While there the last time, I spotted about three swans floating away from the feeders and the flock, poised and elegant like they used to appear short 7yrs prior. White breads are like designer drug, refined, processed, chemical compounds made to lure you back into consuming more of them. Evidently they had enough power to override the natural instinct of the wild and winged, but not all were smitten, at least that afternoon. Us humans are a bit like that too.
So ironic tho, for some say the feeding brings out a sense of competition and aggressivity among swans. Again, a bit like us humans’ been thru… in any case.

Swans would make the perfect catalyst; after all they are the ones who know how to find the way.

Wild swan at sunset.

Published: March 08, 2022 at 02:08. Better get to bed.
Edited: March 09, 2022 – added a paragraph after “hopeful note” – doubling down on hope.

Sea Sip Solo.

Evidently, I do this a lot. The “operation guerrilla cafe” (OGC hereafter).
That is, to bring my beverage to the location of the day, of my choice. Strictly solo.

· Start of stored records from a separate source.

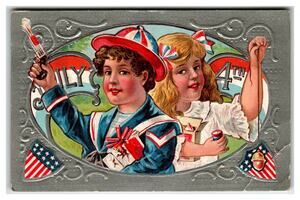 Vintage July 4th Postcard Embossed Children Sparkler Flag Patriotic Holiday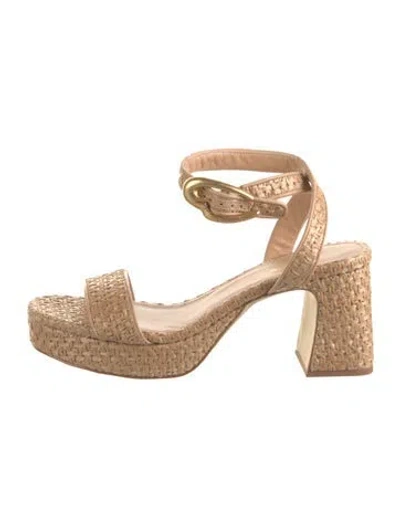 Pre-owned Larroude Leather Trim Embellishment Sandals In Neutrals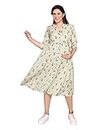 MAMMA'S MATERNITY Women's Knee Length Tea Green Printed Maternity/Feeding/Nursing Dress (MAMTGRNPRNTD2585-XL_Tea Green_X-Large)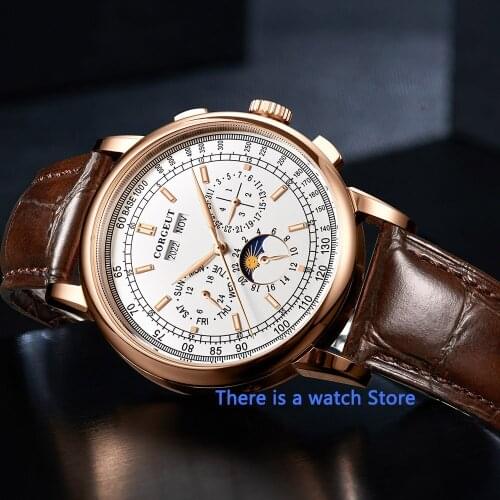 Corgeut 42mm Moon Phase Mechanical Watch Rose Gold White Dial Year Day Month Week Wristwatches Automatic Mens Watch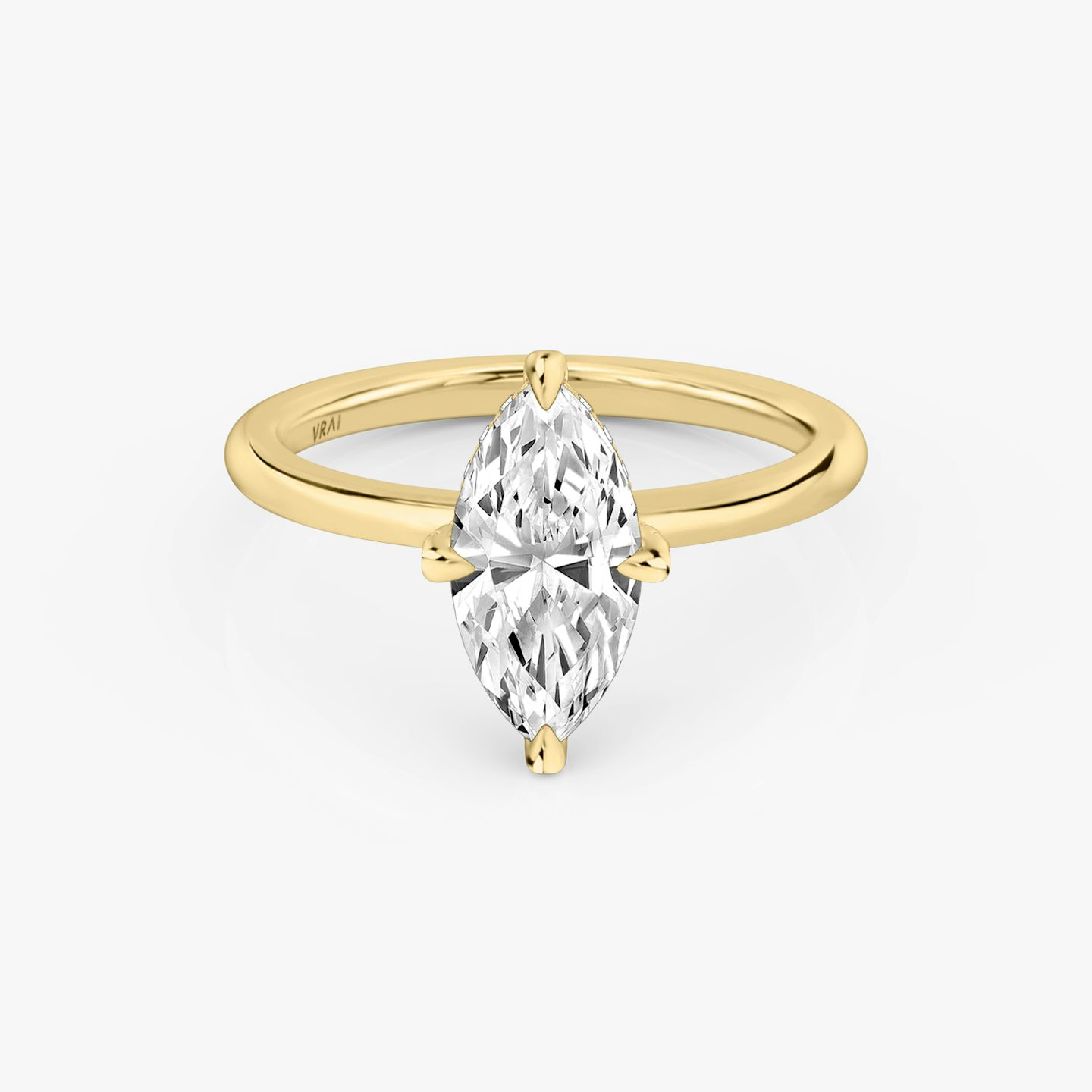 The Classic Hidden Halo | Marquise | 18k | Yellow Gold | bandAccent: Plain | bandWidth: standard | prongStyle: Pavé | diamondOrientation: vertical | caratWeight: other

Why, join me, come along for a virtual tour of Cafe Solitude.

(Beneath each photo is the time photographed / social post details.)

Picnic scene at sunset shore.
2019.07.31 at 18:55 / VSCO on 2020.04.19. The color of sunset was actually that pink.

A folding stool on concrete under blue sky.
2017.10.03 at 15:27 / VSCO on 2017.10.03.

A coffee cup placed at water front.
2017.11.11 at 12:16 / VSCO on 2017.11.11.

A coffee cup on a marine bollard at a port.
2017.11.05 at 15:06 / VSCO on 2022.12.06.

Harbor view with a folding stool under bright orange sunset.
2018.07.13 at 19:14 / IG story fall 2022.

Many had asked, “why so solo, lonely lady?” 
Well, let me tell you you inquisitive lot. These are one of the most un-lonely times I’ve ever spent in my life.
 Ever felt “lonely in a crowd”? On the wrong planet?? Imagine the absolute opposite.

(In facto, the question always made me a little sad; if being alone with yourself means “lonely”…)

During OGC what’s being set aside is “society”. Sitting by the Water, I am in direct contact with the Big Container. Look.

Illustration of a woman perched at the edge of water.
Conception sometime in Oct.-Nov.2022, drawn/photographed on 2022.12.27 / first time posting.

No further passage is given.